Farmers Join War Against Erosion
| ANSAI COUNTY, CHINA
YE HUAIMING struggles up a steep hillside to inspect a three-year-old apple orchard in Ansai County, Shaanxi Province, his feet sinking into the dry, fine soil as if it were sand on a dune.
"Can you taste the grit?" Mr. Ye shouts to a visitor over a wailing breeze. "The wind blows every day here. If you stay for a month, your skin won't be so smooth."
Ye is one of two Chinese engineers overseeing World Food Programme (WFP) Project China 3223, one of the most successful single efforts so far to reverse centuries of environmental degradation on China's loess plateau.
The $10.5 million project, which covers Ansai and two other counties along the watershed of the Xingzi River in northern Shaanxi Province, began in January 1989.
The goal of the five-year project is simple: to reduce the severe soil erosion in the area by persuading local peasants that planting trees and terracing land can increase their income.
"This way, the peasants will have enough to eat and wear," Ye says, "and we will conserve the land."
In Ansai, more than 6,000 families are contributing labor to the project in return for a daily ration of imported wheat. Their efforts have raised grain yields and increased the per capita net income by 25 percent to $37.
The project's success has won acclaim from China's government and the World Bank. Using Project 3223 as a model, the World Bank is preparing a plan of vast scope, called the Loess Plateau Project, to combat erosion on the loess plateau, a stretch of cliffs and gullies in north central China inhabited by more than 70 million people.
The World Bank project, the biggest of its kind, would cost $200 million to $300 million, with the bank financing 50 to 60 percent. It would cover eight river basins in the provinces of Shaanxi, Gansu, Inner Mongolia, and Shanxi, says Robert van der Lugt, deputy chief of mission of the World Bank in Beijing.
"We estimate that the project will begin by 1995, but it could go much more quickly," says Mr. Van der Lugt. Beijing is "excited" about the plan and is expected to complete the feasibility studies for it this year, he says.
Controlling soil erosion in China is an immense but urgent task. Erosion already affects more than 15 percent of the country's territory, and its scope is expanding at a rate of 250,000 acres a year. More than 60 percent of China's poverty-stricken counties are located in areas damaged by erosion.
Since the Northern Song Dynasty (AD 960-1127), generations of Chinese settlers have scavenged the plateau to meet their growing needs for food and fuel, depleting its forests and pasture land. The destruction continued through the 1970s, when Mao Zedong urged peasants to reclaim more land for grain production.
Stripped of trees, the region is scoured by dust storms for 30 to 45 days a year.
In some areas, whole villages have been buried in sand and dust. Millions of tons of the soft loess are washed off the plateau by rain and flushed into the Yellow River and its tributaries each year.

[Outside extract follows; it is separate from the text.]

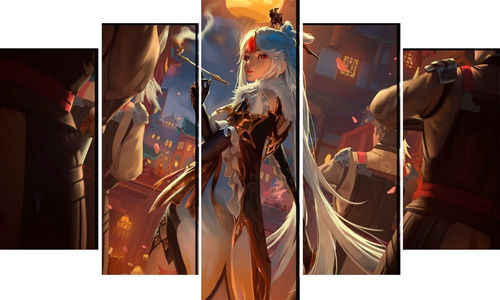 Cuadro 5 Piezas Decorativo Anime Genshin Impact Textura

The natural devastation is striking in Ansai, where 94 percent of the arable land is affected by erosion. Much of the farmland is on hillsides that retain little water. Droughts are common, and with only 540 millimeters (21 inches) of rainfall a year, grain yields are sparse.
The WFP project is tackling erosion in two ways. On the less productive, sloping land, peasants no longer grow crops but are planting trees, shrubs, and grasses. On the better land, the peasants build terraces to increase crop yields and retain the soil.
Soil erosion experts say it will take the toil of many generations to rejuvenate the devastated land.